There is really nothing that is pleasing or aesthic or polite or genteel about Mumbai. It is one of the most crowded cities in the world. It stinks, people are always in a rush making them naturally rude, is the headquarters of D-company, Chotta Rajan gang and numerous underworld business organizations which are the main source of inspiration for aamchi Bollywood, especially Mr.Ram Gopal Verma. But there is no place I would rather be than Mumbai. I really like Europe and in my last trip to that continent, I even liked Poland - one of the main reminencent centres of Nazi terrorism. I thought I was finally getting over Mumbai.
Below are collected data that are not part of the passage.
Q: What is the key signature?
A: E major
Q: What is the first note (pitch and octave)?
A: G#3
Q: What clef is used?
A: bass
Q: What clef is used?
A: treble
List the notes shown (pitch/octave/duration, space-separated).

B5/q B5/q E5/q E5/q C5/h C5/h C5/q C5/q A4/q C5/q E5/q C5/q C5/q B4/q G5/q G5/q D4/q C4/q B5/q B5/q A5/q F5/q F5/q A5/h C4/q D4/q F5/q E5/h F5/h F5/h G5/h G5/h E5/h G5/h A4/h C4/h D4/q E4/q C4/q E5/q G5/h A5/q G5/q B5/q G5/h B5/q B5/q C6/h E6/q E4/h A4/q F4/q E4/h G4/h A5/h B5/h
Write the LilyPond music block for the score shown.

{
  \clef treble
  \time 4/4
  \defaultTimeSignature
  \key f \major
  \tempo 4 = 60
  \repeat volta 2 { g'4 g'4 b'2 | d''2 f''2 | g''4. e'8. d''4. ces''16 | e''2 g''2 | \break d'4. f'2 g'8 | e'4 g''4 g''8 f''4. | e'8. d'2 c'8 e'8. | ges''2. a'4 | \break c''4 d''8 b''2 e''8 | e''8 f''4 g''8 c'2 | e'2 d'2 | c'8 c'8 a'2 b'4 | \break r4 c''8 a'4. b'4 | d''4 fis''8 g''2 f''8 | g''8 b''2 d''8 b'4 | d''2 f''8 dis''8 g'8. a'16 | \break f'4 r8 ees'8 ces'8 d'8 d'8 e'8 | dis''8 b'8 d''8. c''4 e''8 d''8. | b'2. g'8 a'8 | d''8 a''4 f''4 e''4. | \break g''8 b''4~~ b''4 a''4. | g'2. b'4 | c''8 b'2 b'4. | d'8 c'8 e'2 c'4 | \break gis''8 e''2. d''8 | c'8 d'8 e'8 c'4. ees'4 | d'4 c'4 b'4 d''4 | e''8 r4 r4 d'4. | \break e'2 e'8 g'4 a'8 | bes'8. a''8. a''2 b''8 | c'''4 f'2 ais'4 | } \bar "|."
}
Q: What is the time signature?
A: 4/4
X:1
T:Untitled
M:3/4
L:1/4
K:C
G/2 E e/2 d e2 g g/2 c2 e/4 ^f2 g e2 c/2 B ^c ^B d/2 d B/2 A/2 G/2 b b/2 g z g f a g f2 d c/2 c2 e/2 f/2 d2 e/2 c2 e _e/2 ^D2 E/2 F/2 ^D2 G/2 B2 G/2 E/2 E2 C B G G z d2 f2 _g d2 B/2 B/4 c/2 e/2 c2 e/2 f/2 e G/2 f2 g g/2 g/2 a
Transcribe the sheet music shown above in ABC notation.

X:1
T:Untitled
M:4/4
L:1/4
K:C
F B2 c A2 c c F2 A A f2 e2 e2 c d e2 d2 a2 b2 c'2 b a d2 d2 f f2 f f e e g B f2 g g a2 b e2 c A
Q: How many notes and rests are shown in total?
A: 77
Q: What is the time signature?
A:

I landed in Mumbai, yesterday morning. Air India landed in the international airport and we had a free 15 minute bus ride from there to the domestic airport which we Mumbaiittes instist on calling Chhatrapati Shivaji International airport. I was in a rush to reach my client's office and didn't have any time to be nostalgic. However on my trip back home in the evening, I listened to the 3 radio stations in tandem, taking in the rubbish churned out by the RJ's as if they were the most sensible pieces of dialogue I've ever heard. It was so comforting to hear a continuous blast of DhinChak muzik...I sat back in my auto and relaxed that I didn't have to fight over the fare. I sat back and enjoyed the traffic knowing that there is some order in the chaos that is Mumbai. When I was nearing Ghatkopar market (for the uninitiated - a middleclass suburb in Eastern Mumbai), I started revelling in the enticing smells of khau galli, the sights of fresh vegetables other than cabbage and beans (which is all that I keep getting in Bangalore), the colourful display of the latest Indian fashions and fake international designs, people randomly crossing roads, pandu hawaldars (traffic cops) who in comparison to their counterparts in Bangalore strike terror in the heart of Mumbai ever speeding motorists.....the essence of Mumbai. I could feel tears waiting to jump out of my eyes - a K3G tune in the background and I could have recreated the 2005 Mumbai floods.
I realised Mumbai is me...I could be anywhere in the world, I could be away from Mumbai for years but I could never be anything but a Mumbaiitte.... a tough from outside, struggling to survive Mumbaiitte.